MCP is a 'weak externalization' - people are using it because others are using it, and it's a 'workable' but 'not strong' solution.

It could very well entrench itself however.

  • It's that extra amazon box that wrap the actual box that wrap the thing you ordered. Except you're doing the wrapping.

  • I would say the truth[tm] is likely somewhere in the middle ground. Right now corporate MCP deployments happen to satisfy two very specific stopgap niches:

        * Internal services that never had real APIs are getting them retrofitted via the MCP layer
        * MCP servers can run with dedicated service accounts that assume-role to a safe(r) subset of the calling user's permissions
    

    The first one is a business benefit. Enterprises tend to have a lot of data siloes, and coordination between teams/departments/units just to learn that a given data set exists takes a LOT of time - even before you start to arrange suitable access to any of them.

    The second one addresses a much deeper architectural chasm. We want to have our agents carry nearly-the-same-but-not-the-most-dangerous permissions as we do. No regulated business can risk unleashing agents with zero judgement capacity to wreck their systems, and on the other hand the existing identity systems are not geared for real-time dynamically adjusted user permissions. The need for so called "agent-aware IAM" is urgent. So instead of letting users connect to the internal APIs directly with their full suite of powers, MCP servers act as stand-ins for API gateways.

    MCPs are not as flexible as full-fledged CLI tools, and that's a bit of a shame.
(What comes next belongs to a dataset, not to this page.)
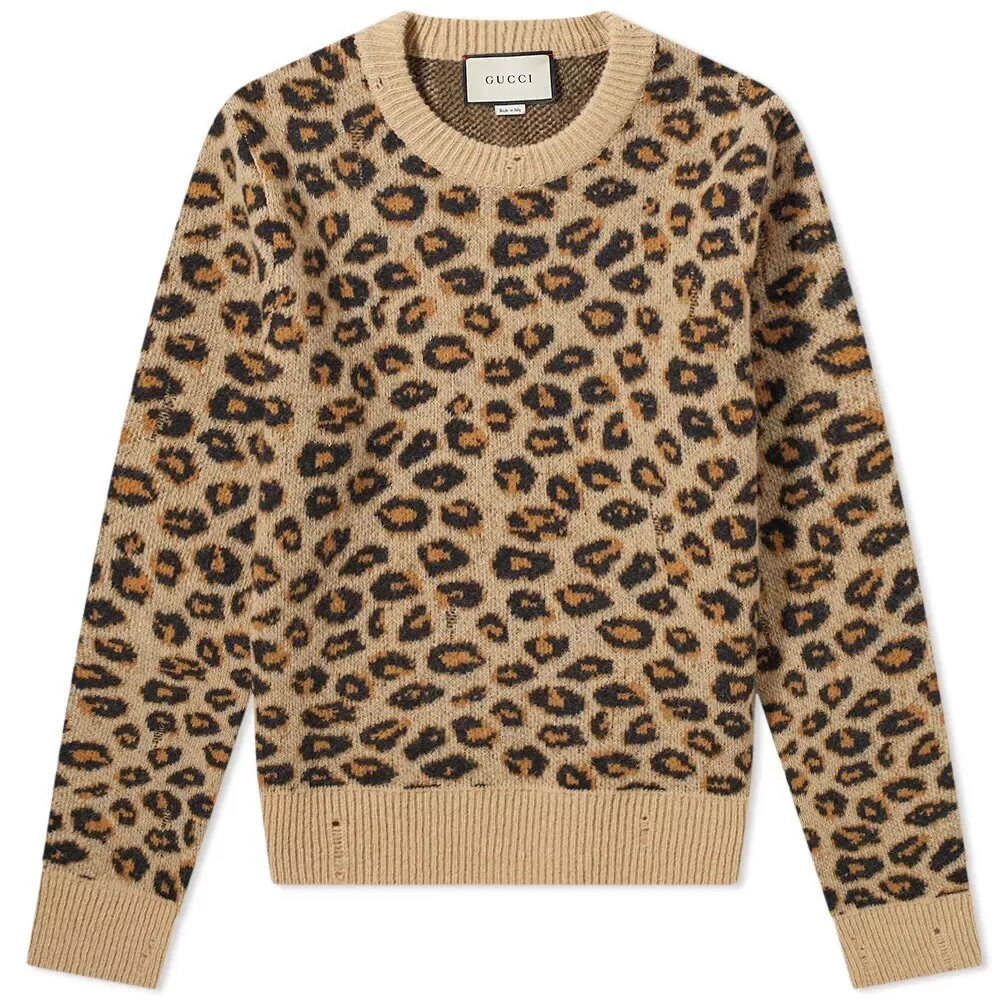 GUCCI LEOPARD PRINT CREW NECK KNIT SWEATER -SIZE XL -NWT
But they can also become identity-aware proxies that enforce the intended permissions for agent-safe use. It will probably take years before IAM systems can adapt to the needs of the new world, and it will take another DECADE after that for the improved IAM systems to become universally available across the larger enterprises. So in a big way I agree with you:

    > MCP is a 'weak externalization' - people are using it because others are using it, and it's a 'workable' but 'not strong' solution.

    "Workable" is a load-bearing term. MCP servers are by no means perfect, but they are good enough for specific needs and allow to move the balancing point as needed while the world catches up.
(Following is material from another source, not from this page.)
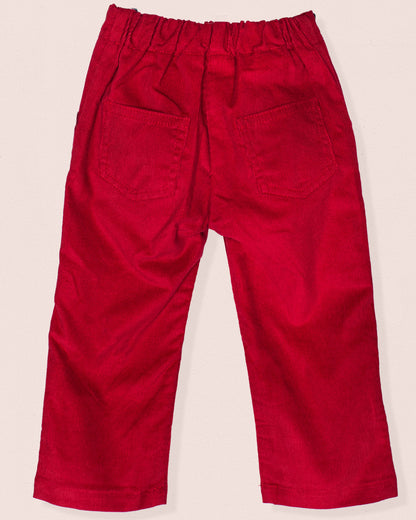 Back view of ruby burgundy Italian corduroy pull-on pants with elastic waistband and two square back pockets.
    I'm an engineer and prefer CLI or raw API access 99% of the time. But I also have decades of scars from infosec. The single biggest security threat for a business used to be an employee who could not get their job done. They found ways to work around the roadblocks. These days the single biggest threat is an employee who can not get their job done, but has an infinitely patient agent with vast latent capabilities at their disposal.

    • So this is thoughtful - but - MCP isn't actually a very good solution for corporate automation either.

      Corporate automations face the same problems human driven agents use:

      + The 'tool' section of the chat is not the right place, and it's too limiting + The very concept of MCP server introduces a brittle layer - for what purpose?

      CLI for local calls, REST for remote.

      That's it.

      We build security around that the same way we would otherwise.

      Now -> 'better / standard' json type calling for both of those!

      Sure! 'Agent Calling API' or something. Yes.

      'Agentic Identity Standard'? Yes to that as well.

      But MCP was 'the right solution for a period in LLMs that has been superceded.

      If MCP did not exist today - we would not invent it. That's the strongest argument I think.

  • That mimetic thing…

    I remember 10s of HN submissions where handlers were trying to get conversations about MCP going on HN back when there was almost nothing known about it and nothing to say.

    It was always about tricking people into thinking there was authentic interest in it and it still is.